Я надела пальто, вышла в снежную метель. Трамвая долго не было — минут пятнадцать. И тут я увидела литератора — он направлялся к остановке, полагая, что я уже уехала. Я повернулась и побежала прочь — мне стыдно было встретиться с малодушным и, к тому же, уличить его во лжи.

Теперь я не виню этих людей. После возвращения из ссылки мы снова встретились, отношения были восстановлены. В 71-м году, когда я подала документы на выезд в Израиль и «смелые» мои друзья вновь забыли дорогу в мой дом, я решила не ставить ту семью литераторов и музыкантов, которую я очень люблю, в нелепое положение и сама отправилась к ним — снова попрощаться, на сей раз, быть может, навсегда. Но 18 лет, прошедших после смерти Сталина, изменили и эту семью.

— Ни в коем случае! — сказали мои друзья. — Мы как были, так и останемся друзьями. Вы будете бывать у нас, а мы — у вас. Вот только об одном мы вас убедительно просим: не произносите вслух слово «Израиль», говорите лучше, ну, скажем, «Эксландия»: у нас ведь домашняя работница, зачем искушать лукавого.

15. Накануне погрома

Вскоре после ареста Маркиша ликвидировали еврейскую секцию Союза писателей. Официальное закрытие было поручено еврею Александру Безыменскому, бывшему «комсомольскому поэту», о котором была написана эпиграмма

Волосы дыбом,

Зубы торчком.

Старый мудак

С комсомольским значком.

Собрав оставшихся на свободе еврейских писателей, Безыменский объявил им, что в еврейской секции писателей «окопались» враги народа и предатели родины, и секцию решено закрыть. Многие присутствующие «с воодушевлением одобрили» позорное решение. Среди них были Ойслендер и Хенкина.

Спектакль расправы с еврейской литературой должен был повториться несколькими днями спустя, в более «торжественной» обстановке — на общем собрании московских писателей. На сей раз позорная роль «запевалы» была отведена еврейскому поэту А. Кушнирову — офицеру-фронтовику, потерявшему сына на войне. Кушнирова, прекрасно понимавшего свою роль, буквально силком вытолкнули на сцену. Подойдя к микрофону, Кушниров, однако, не произнес ни слова, а разрыдался. Его увели.

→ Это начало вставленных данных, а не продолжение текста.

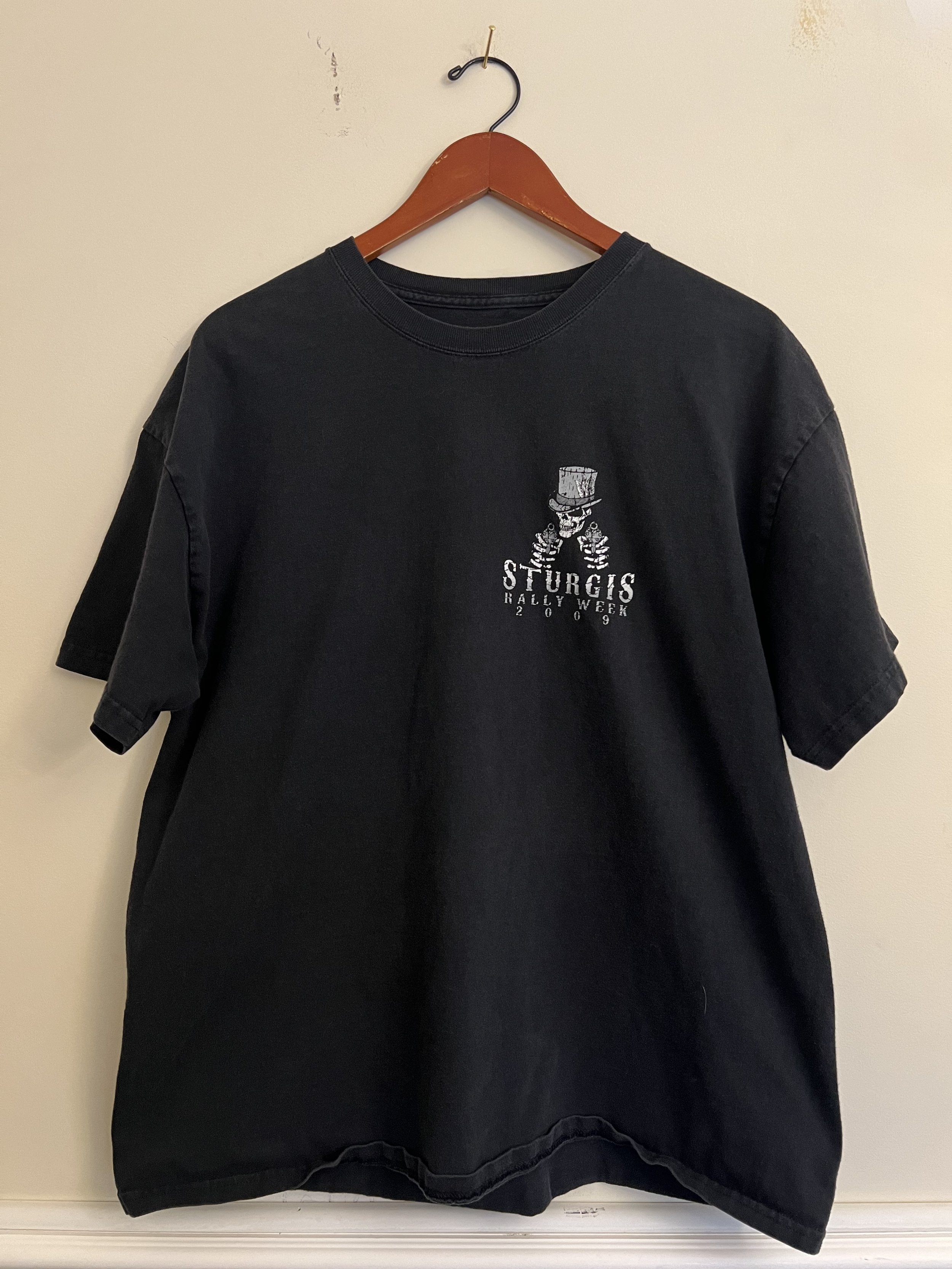 Sturgis Rally Week 2009 T-Shirt XL Biker Skull Graphic Fade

После такого «провала» арест Кушнирова был неизбежен и являлся лишь вопросом времени. Судьба, однако, смилостивилась над Кушнировым — в самом скором времени после закрытия секции он умер. Жена его, однако, была арестована и попала в лагеря.

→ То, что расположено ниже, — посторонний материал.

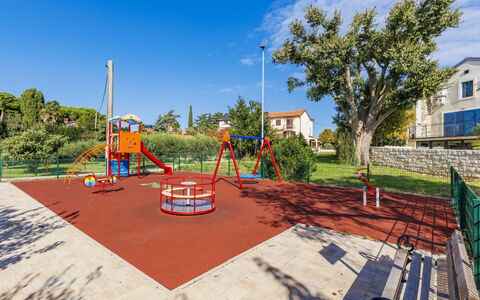 Umag 800: Offentlige Rum, Skygge, Have, Landscaping, Parkere, Lawn, Legepladsudstyr, Walkway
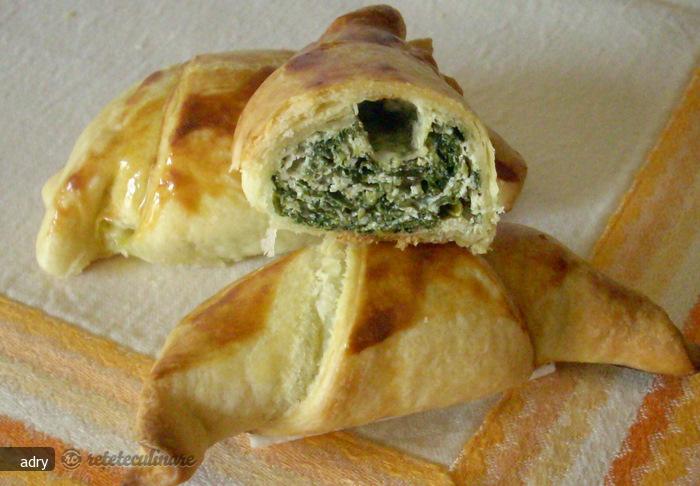 Cornulete cu Spanac si Ricotta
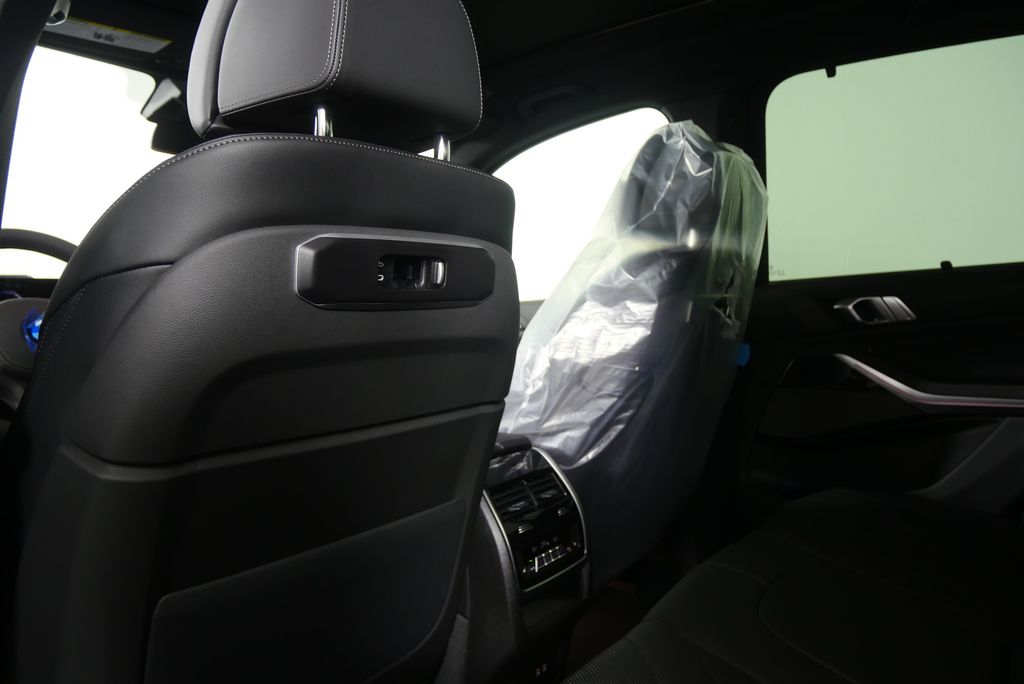 Thumbnail: 2026 BMW X5 - 17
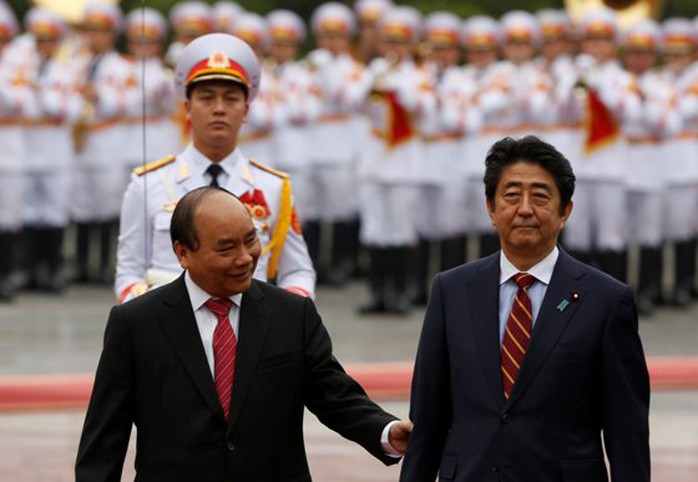 
Từ năm 2016 đến nay, Thủ tướng Shinzo Abe đã có 3 lần tiếp xúc với Thủ tướng Nguyễn Xuân Phúc bên lề các hội nghị quốc tế - Ảnh: Reuters

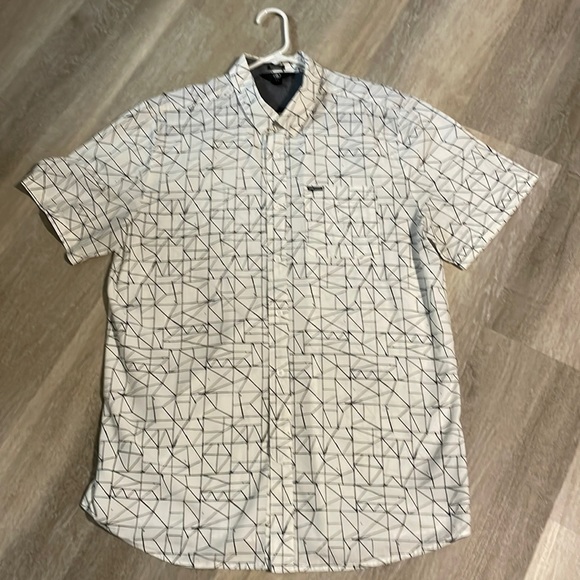 Like 🆕 Volcom Stone Men’s Button down, White with black design shirt, Size XL - Picture 1 of 4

Работа моя в Обществе микробиологов шла своим чередом: я читала слепой жене Викторова Нине Борисовне, умудряясь одновременно вязать для продажи шарфы и шапочки, составляли ежемесячные отчеты-бюллетени, собирала членские взносы. Мой шеф, профессор Викторов, был человеком в высшей степени странным. Как-то он велел мне привести в порядок «картотеку друзей и знакомых», насчитывающую несколько сот имен. На карточке напечатано было имя, отчество и фамилия друга или знакомого, год и число его рождения (для поздравлений), номер автомобиля (если таковой имелся), адрес домашний и рабочий, имя домработницы и даже кличка собаки или кошки. Такая картотека являла собою поистине клад для МГБ, реши оно посадить профессора Викторова в тюрьму: Викторова немедленно подвели бы под страшную статью «контрреволюционная организация» и репрессировали бы всех людей, упомянутых в картотеке.

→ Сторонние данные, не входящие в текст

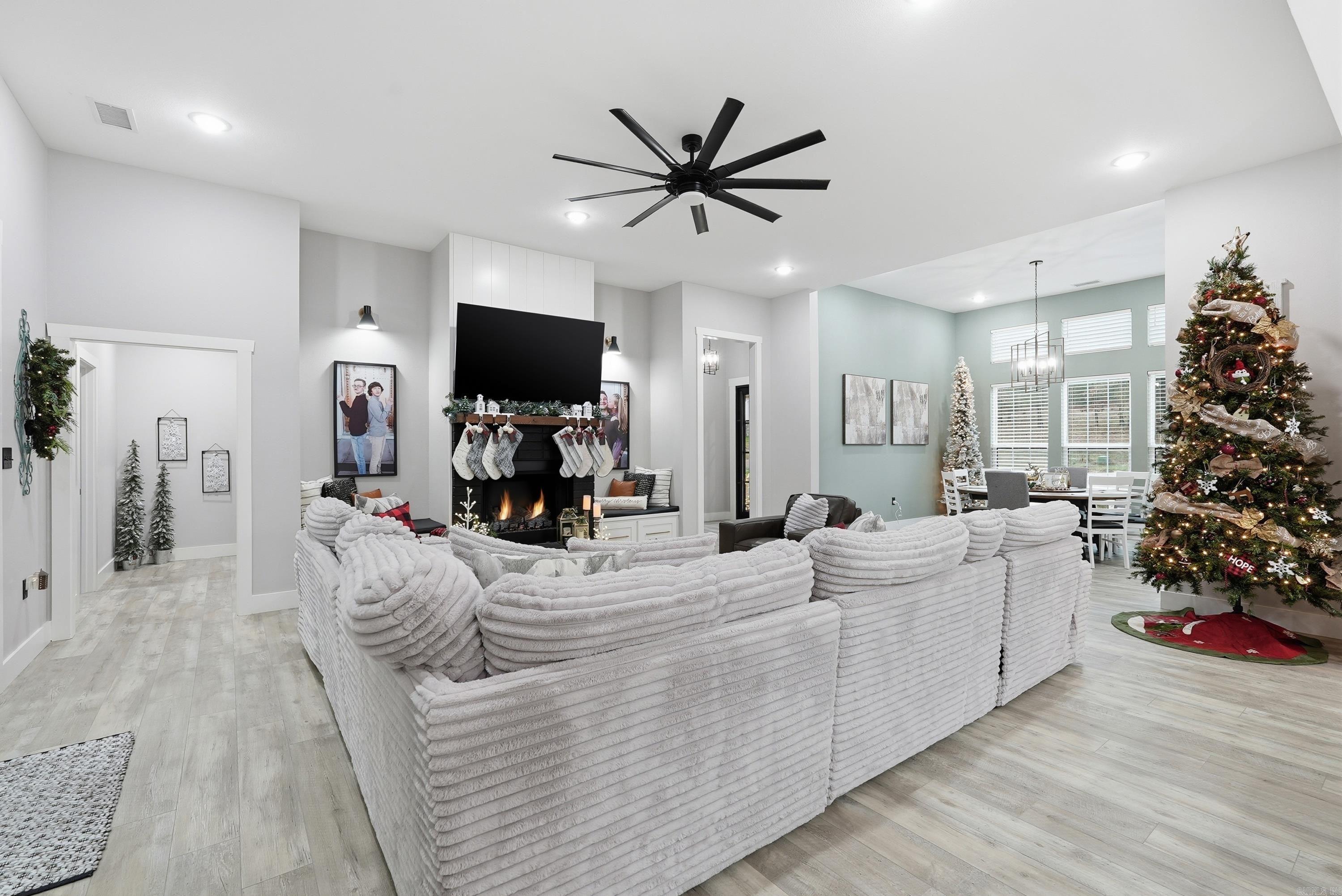 HIDDEN VALLEY - Residential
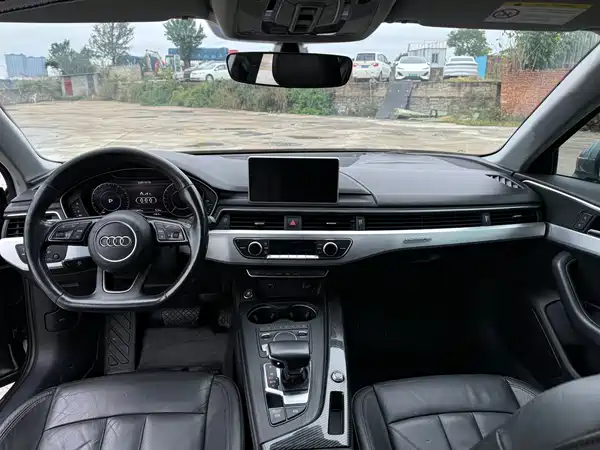 Audi A4L 2019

Другой достопримечательностью архива профессора Викторова являлась аккуратнейшим образом переплетенная в красную кожу «книга желудка». В этой «книге» подшиты были меню обедов семьи профессора за двадцать пять лет. Другие два фолианта хранились не менее бережно: «Мое здоровье» и «Здоровье Нины Борисовны». Здесь были собраны анализы крови, мочи и кала, кардиограммы и рецепты выписанных лекарств за несколько десятилетий.

По понятным соображениям я не брала на себя смелость высказываться по поводу чудачеств моего шефа.

Однажды накануне выходного дня — воскресенья — он пригласил меня к себе в кабинет и торжественно объявил:

— Я решил, уважаемая Эстер Ефимовна, возродить славу и доброе имя незаслуженно забытого русского микробиолога, профессора Габричевского…

Викторов смотрел на меня, словно бы ожидая моей реакции. Я поспешила изобразить на моем лице полное понимание Викторовской заботы, хотя, естественно, никогда не слышала ни о Габричевском, ни о его заслугах перед наукой.

— В результате кропотливых розысков, — продолжал Викторов, — я обнаружил две фотографии. На одной профессор изображен лежащим в гробу, на другой можно различить участок ограды его могилы. Вот, поглядите.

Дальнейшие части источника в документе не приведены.